I'm moving there in June and wanted to know if anyone knew of a rat rescue in Germany. I'll be on the east side of Germany, but I'd drive since at most it would be like 5.5 hours about. And if you do know of them do you know if they fix their rats?


----------



## Lou (Apr 26, 2011)

Where abouts in Germany are you? are you looking for rats to adopt you mean?

I live on the border of Weil am Rhein in Hinigue France and on the border of Basel Switzerland, basically I can be in all 3 coutries within 2 mins 

I have 5 males I am trying to re-home, they were 4 weeks old yesterday.

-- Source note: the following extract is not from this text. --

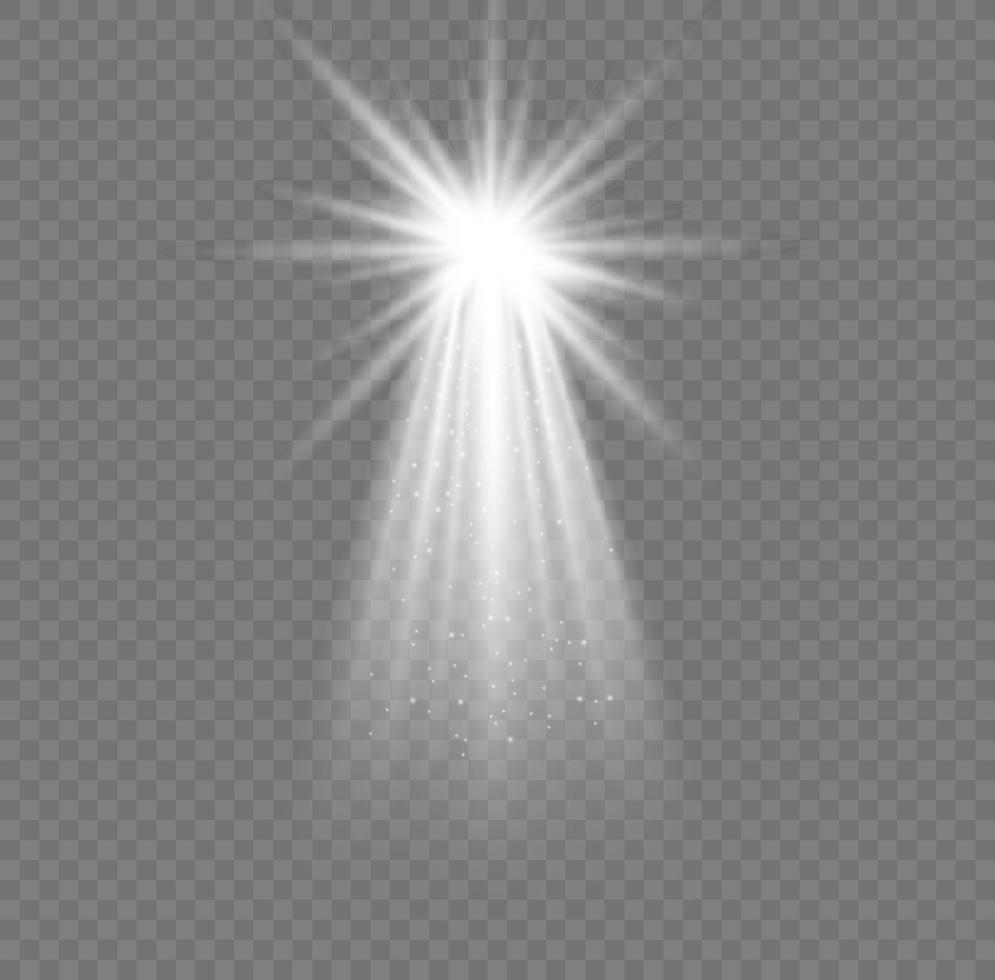 Kerstmis ster met schijnwerper. licht effect wit kleur. gloeiend geïsoleerd wit sprankelend licht effect. vonk spotlight speciaal effect ontwerp. straal vector element.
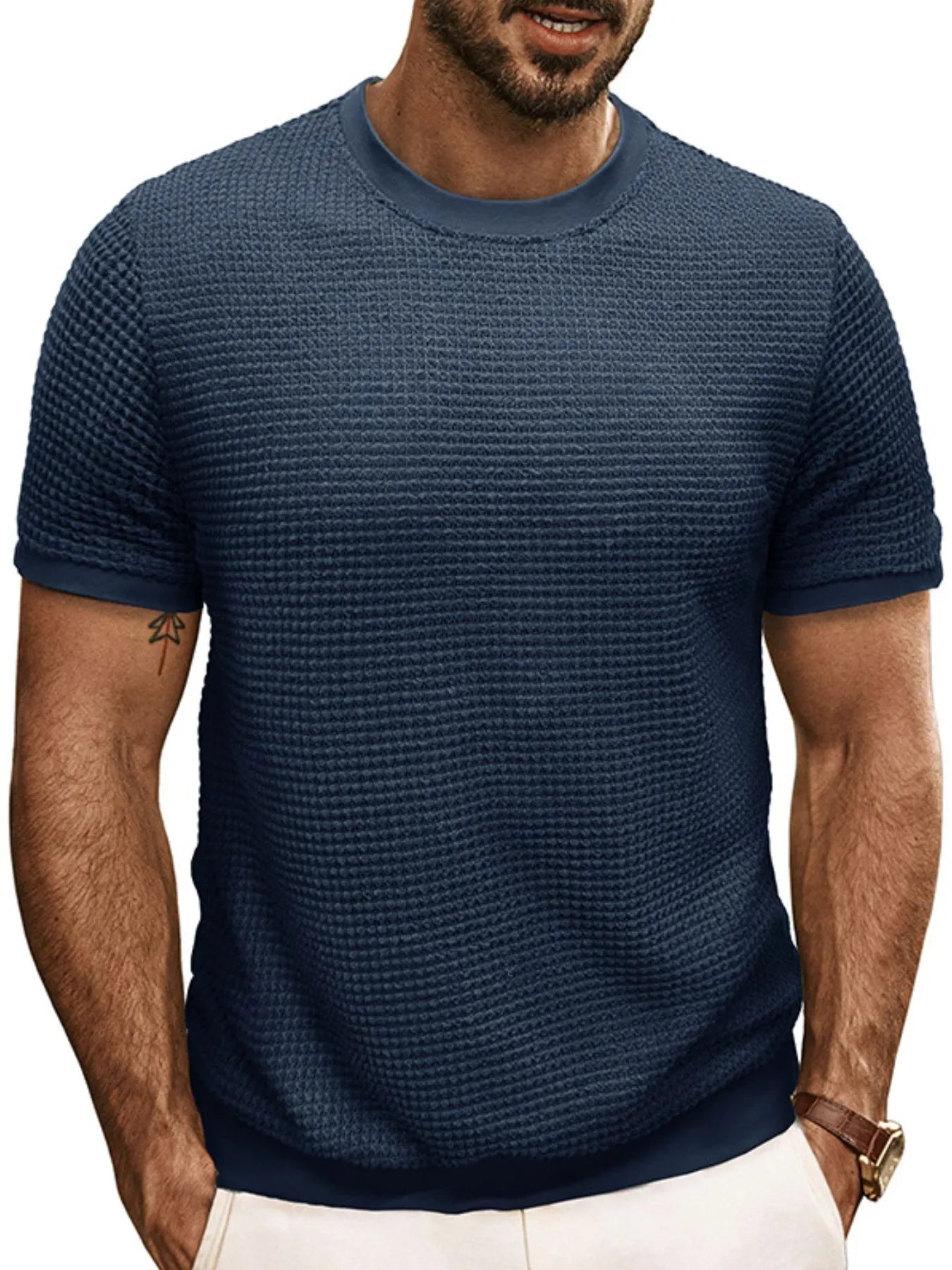 Men's Textured Knit Crew Neck T-Shirt | Tampa Bay Discounts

This post is 2 months old but ya never know!


----------



## Terpsichore (May 28, 2011)

You might want to look at your nearest "Tierheim" (Animal Shelter) when you get there. I know the one here in Munich has rats. You can also look here on this website: http://www.rattennothilfe.de/?seite=vermittlung They have a few suggestions there. It sounds like you are moving there from another country. If you do not speak German yet, you can try contacting them and they might be able to point you in the right direction. It is extremely likely they speak English. If you already speak German, or are even German, my apologies for the misinterpretation. :-[


----------